Ayın sonunu getirmek için insan üstü bir mücadeleye zorlanan sokaktaki vatandaş, canından bezmiş bir halde ayakta kalmaya çalışırken; bırakın aynı anda Ortadoğu ve dünya politikasındaki gelişmeleri izlemeyi, kendi ülkesinde emperyalizmin kaynattığı kazanları da izleyemez hale getirildi.
Bu yetmezmiş gibi iktidarın medyayı çok büyük oranda yandaş hale getirmesi ve iktidar yanlısı olmayan medyada yer alanların önemli bir kısmının da bazı konulardaki sessizliği ya da otosansürü yüzünden, doğru haber alma olanakları çok sınırlandırılmış durumda.
Bu faşizm ortamında dürüst gazeteciliğin önemi her zamankinden daha fazla. Halka bugünlerde olanları açıkça aktarmak gerek.
Örneğin DEM heyeti, 18 Mayıs’ta PKK terör örgütünün elebaşısı Öcalan’ı ziyaret etti ve ardından Öcalan’ın mesajı paylaşıldı. O mesajda iki noktaya dikkat çekmek istiyorum.
İlki şu: “Kardeşlik hukuku üzerinde bir yeni sözleşmeye ihtiyaç var. Yaptığımız şeyler büyük bir paradigma değişikliğini ifade ediyor” demiş Öcalan.
Yeni bir sözleşme dediği yeni anayasadır.
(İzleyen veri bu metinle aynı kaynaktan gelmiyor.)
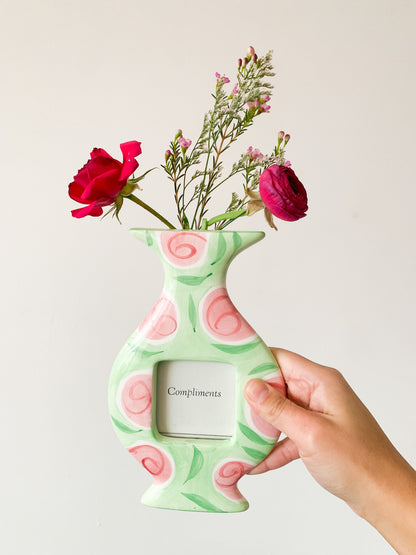 c.1996 Floral Ceramic Vase Frame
Öcalan açılımının başından beri AKP ve MHP’lilerin terör örgütü ile pazarlık yapılmadığına ilişkin iddiasının doğru olmadığı, Öcalan’ın, Kandil’in ve DEM’in açıklamalarıyla ortaya çıkıyor zaten ve yeni anayasayı işaret eden son mesaj da bunun son kanıtı
ANAYASA TUZAĞI DERİNLEŞİYOR!
Daha önce Cumhur İttifakı’nın asıl hedefinin Erdoğan’ı yaşadığı sürece iktidarda tutacak anayasal düzenlemeyi yapmak olduğunu ve bunun yapılması için de DEM’in ve HÜDA PAR’ın istediği etnikçi/ dinci düzenlemelerin de anayasaya sokulmaya çalışılacağını yazmıştım. Asıl amaçlarını gizlemek için “barış”, “eşit yurttaşlık”, “kardeşlik hukuku”, “ortak vatan” gibi kavramları sık sık kullanıyorlar ki halk kandırılabilsin. Bu amaçta ortaklaşan karşıdevrimci bir atakla karşı karşıyayız!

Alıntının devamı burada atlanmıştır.